Diese Frittata lässt sich wunderbar mit verschiedenen Beilagen kombinieren. Ein frischer grüner Salat bietet einen leichten Kontrast, während knuspriges Brot oder eine geröstete Baguette-Scheibe für zusätzliche Textur sorgt. Ein Löffel Sauerrahm oder Joghurt verleiht extra Cremigkeit. Für eine gehaltvollere Mahlzeit kannst du sie mit gegrilltem Gemüse, Wurstwaren oder einer Suppe servieren. Dazu passt ein Glas Weißwein oder frisch gepresster Saft – eine perfekte Mahlzeit!
Kann diese Eier-Kartoffel-Frittata im Voraus zubereitet werden?
Ja, du kannst die Frittata im Voraus zubereiten. Lasse sie nach dem Kochen vollständig abkühlen, bevor du sie in einem luftdichten Behälter im Kühlschrank für bis zu 3 Tage aufbewahrst. Sie kann kalt, bei Zimmertemperatur oder leicht erwärmt serviert werden – ideal für Meal Prep, Picknicks oder schnelle Frühstücke.
Kann ich die Frittata einfrieren?
Ja, du kannst die Frittata einfrieren, obwohl sich ihre Textur leicht verändern könnte. Lasse sie nach dem Kochen vollständig abkühlen und wickle sie dann fest in Plastikfolie und Alufolie ein oder bewahre sie in einem luftdichten Behälter auf. Sie hält sich bis zu 2 Monate im Gefrierschrank. Zum Aufwärmen lasse sie im Kühlschrank auftauen und erhitze sie im Ofen oder in einer Pfanne, um die beste Textur zu erhalten. Vermeide es, sie in der Mikrowelle zu erhitzen, da die Eier dadurch gummiartig werden können.

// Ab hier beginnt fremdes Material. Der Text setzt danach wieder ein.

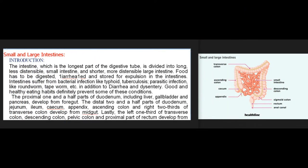The intestine, which is the longest part of the digestive tube, is divided into a longer, less distal small intestine and a shorter, more distal large intestine. Food has to be digested, absorbed, and stored for expulsion in the intestines. Intestines suffer from bacterial infections like typhoid and tuberculosis, parasitic infections like roundworm and tapeworm, as well as diarrhea and dysentery. Good and healthy eating habits definitely prevent some of these conditions.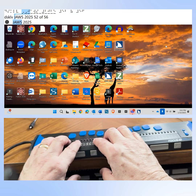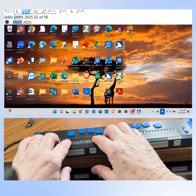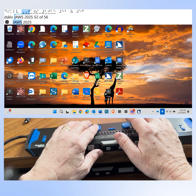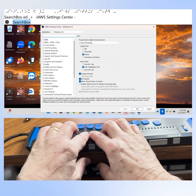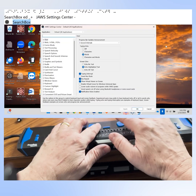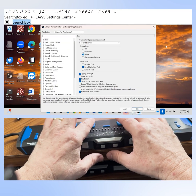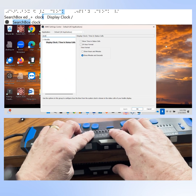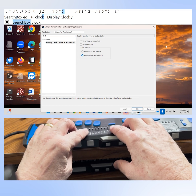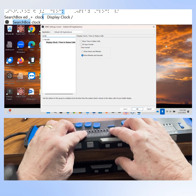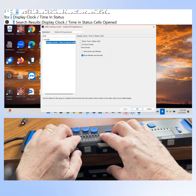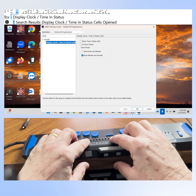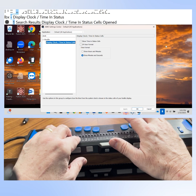In order to turn the clock view on in your status cells, you'll need to first go to JAWS Settings Center by pressing Insert and NumRow 6. Now let's enter "clock" into the search edit field. Display clock/time in status cells comes up as one search result. We have to press down arrow — I'll press the rocker bar down on the front panel of the braille display — then press Enter to move focus to this option in the tree view.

Wie lagert man übrig gebliebene Eier-Kartoffel-Frittata?
Lasse die Frittata vollständig abkühlen, bevor du sie in einem luftdichten Behälter oder fest in Plastikfolie wickelst. Bewahre sie im Kühlschrank für bis zu 3 Tage auf. Zum Aufwärmen solltest du sie in einer Pfanne oder im Ofen erhitzen, um die beste Textur zu erhalten. Kalte Frittata ist ebenfalls eine schnelle und leckere Mahlzeit. Vermeide es, sie zu lange in der Mikrowelle zu erhitzen, da die Eier sonst gummiartig werden.